§ Activity
Below are records with pictures in them. Transcribe everything from the line containing "Skirts and Shorts" down to the line containing "Colorful Skeleton Dabbing", exactly, and leave the pictures behind.
BEGIN Entries provided
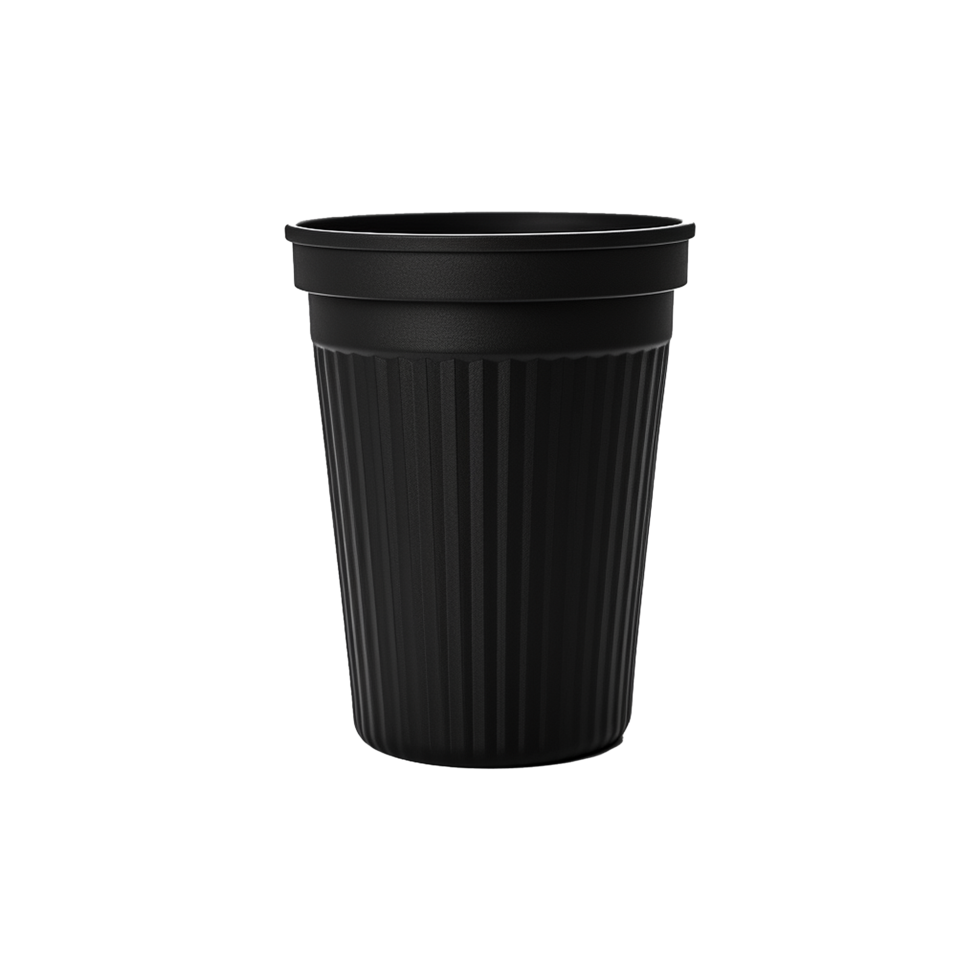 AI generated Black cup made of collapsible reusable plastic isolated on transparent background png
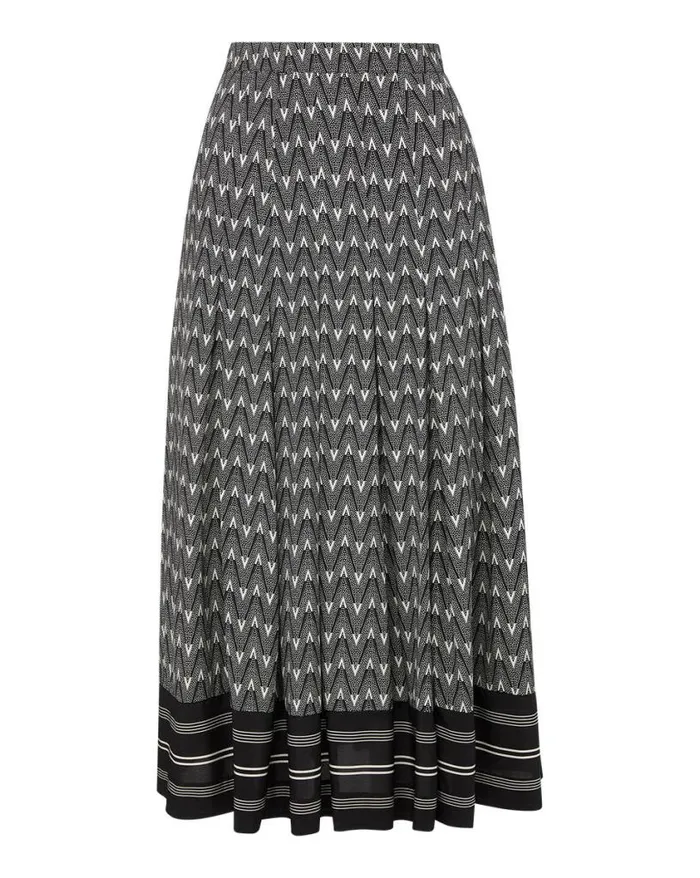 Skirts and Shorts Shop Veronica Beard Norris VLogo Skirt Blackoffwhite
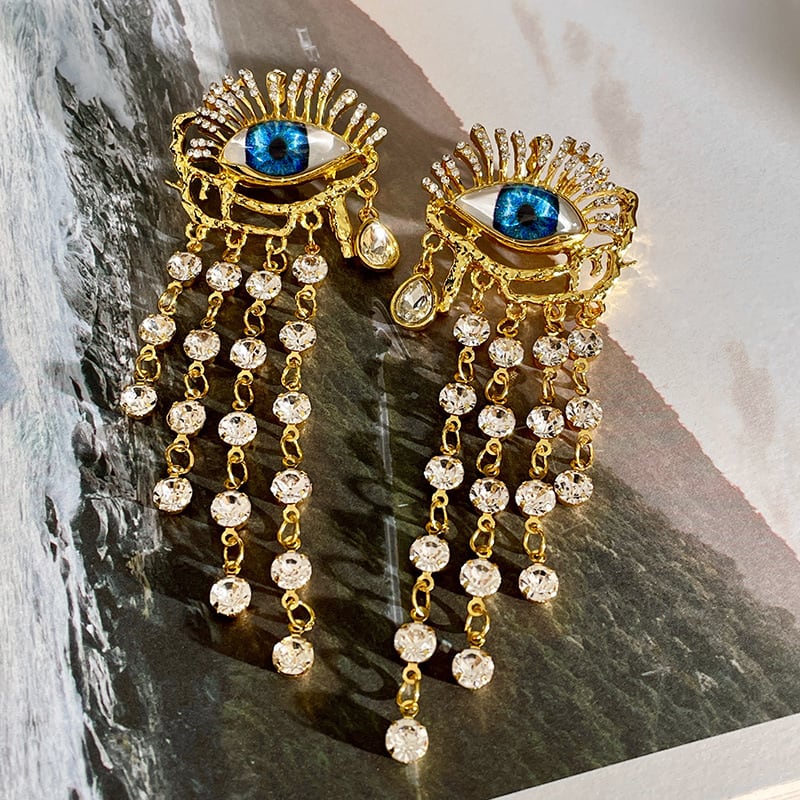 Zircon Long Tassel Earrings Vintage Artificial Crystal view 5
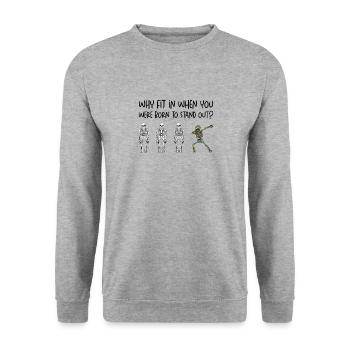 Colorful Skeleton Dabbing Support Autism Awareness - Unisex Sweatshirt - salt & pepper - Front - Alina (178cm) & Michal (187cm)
END Entries provided
BEGIN Entries provided
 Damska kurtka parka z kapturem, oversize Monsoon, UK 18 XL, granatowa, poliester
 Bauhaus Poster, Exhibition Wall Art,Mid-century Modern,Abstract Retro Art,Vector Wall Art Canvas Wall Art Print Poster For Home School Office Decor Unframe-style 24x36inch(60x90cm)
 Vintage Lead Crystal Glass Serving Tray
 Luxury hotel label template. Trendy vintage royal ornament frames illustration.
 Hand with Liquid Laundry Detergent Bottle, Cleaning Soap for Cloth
END Entries provided
§ Problem solution
 Skirts and Shorts Shop Veronica Beard Norris VLogo Skirt Blackoffwhite
 Zircon Long Tassel Earrings Vintage Artificial Crystal view 5
 Colorful Skeleton Dabbing Support Autism Awareness - Unisex Sweatshirt - salt & pepper - Front - Alina (178cm) & Michal (187cm)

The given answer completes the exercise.